The Danish Girl (2015)
Directed by: Tom Hooper
Premise: Based on true events. The marriage of Danish painters Gerda and Einar Wegener (Alica Vikander and Eddie Redmayne) goes through a transition as Einar reveals that he is transgender and begins the transition to become Lili.
What Works: Filmmaker Tom Hooper specializes in making period films such as the John Adams miniseries, The King’s Speech, and 2012’s Les Miserables. His movies are often distinguished from similar pictures; the settings of Hooper’s movies have the grit and grime of life and the characters in his projects often have the scale, fallibility, and vulnerability of real people instead of the stodgy and overly dramatic presence of characters in most of Hollywood period films. The Danish Girl is consistent with the best aspects of Hooper’s cinematic style, at least for its first half. This is most true in the relationship between Gerda and Einar Wegener, played by Alicia Vikander and Eddie Redmayne. They have the rapport of a genuine married couple and both Vikander and Redmayne provide tremendous performances. Redmayne has the flashier part as Einar transitions to become Lili and the role requires Redmayne to play two identities in one body. The part of Lili risks becoming a pantomime of a woman but Redmayne is a very good actor and he inhabits this other person. The effectiveness of Redmayne’s performance is most apparent later in the movie when Lili has to adopt a male appearances in public; Lili is such a charming and authentic personality that her appearance in male clothes comes across strange. As good as Redmayne is, the performance of Alicia Vikander is just as impactful and in some ways more impressive. She is the point of identification for the straight audience as she tries to understand what is happening to her husband and Vikander is empathetic without behaving in the mawkish way that actors tend to do in costume dramas. The Danish Girl has an effective tension in that for Lili to achieve self-actualization, Gerda will have to lose her husband. Vikander plays this in a way that earns the audience’s sympathy.
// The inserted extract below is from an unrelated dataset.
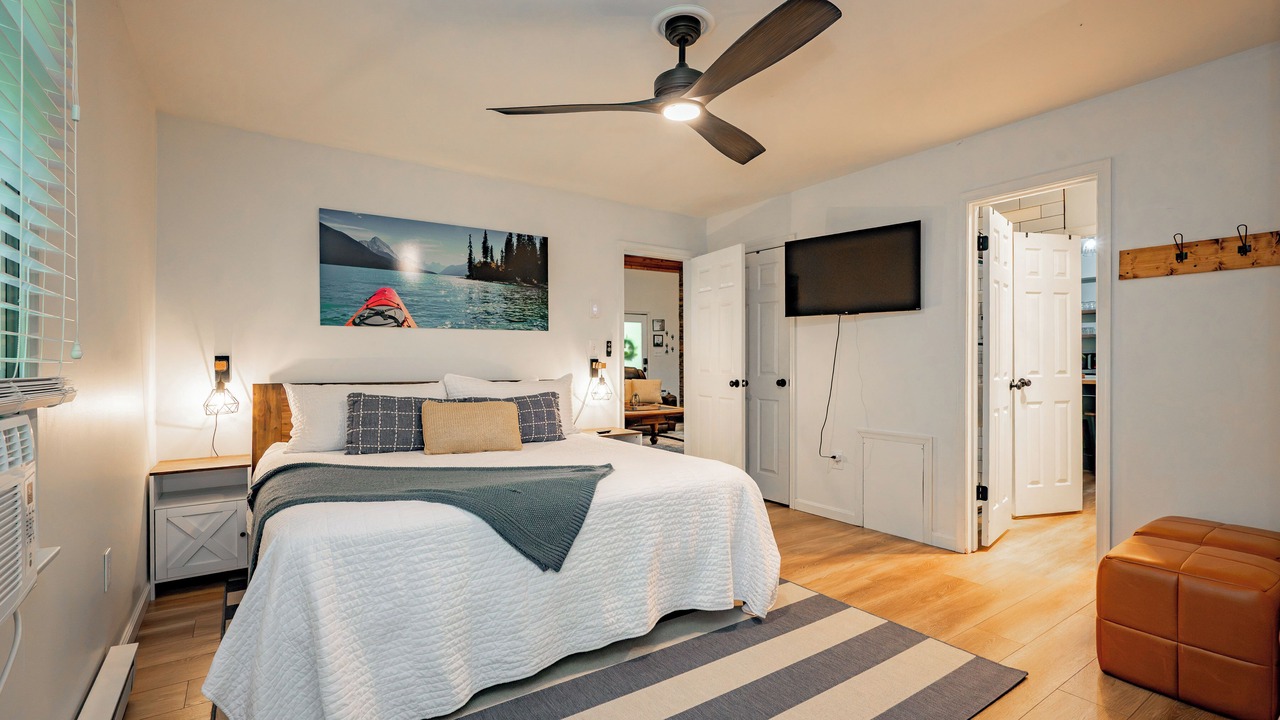 Photo of Bedroom in McHenry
That is one of the distinguishing qualities of The Danish Girl; it is a complex story of the way identity is both created and discovered and how relationships like marriage shape and are shaped by those forces.
What Doesn’t: The Danish Girl struggles to keep up the momentum of its narrative. The film is primarily about Einar’s transition to becoming Lili and the changing relationship between Einar/Lili and Gerda and The Danish Girl is at its best when it is focused on the couple. But the tension in their relationship is resolved about halfway through the picture and The Danish Girl sags in its second half. Stories are about conflicts and Lili goes through a lot of turmoil in her transition, not least of which from mental health professionals who want her incarcerated, but much of this is anecdotal. The latter half of the film isn’t developing a sustained conflict nor is it doing much with its characters. There are some interesting ideas and subplots in The Danish Girl that are dropped. Gerda attempts to break into the art world but she’s only able to do that after painting her husband as a woman and early on the film does some interesting things in relating power with gender and the ability to see and be seen in an artist’s gaze. But a lot of the gender politics fall by the wayside as the movie goes on. There are also some interesting subplots involving romantic affairs as both Lili and Gerda are tempted by other people but these romances don’t lead anywhere. The Danish Girl also loses its nerve with regard to sexuality; the film begins with some gritty sexual imagery but in the end it lapses into the politeness and aesthetic sterility that is characteristic of period dramas.
Bottom Line: The Danish Girl has some very good performances especially by Eddie Redmayne and Alicia Vikander. But the film loses its way in the second half and it misses what is most interesting about this story.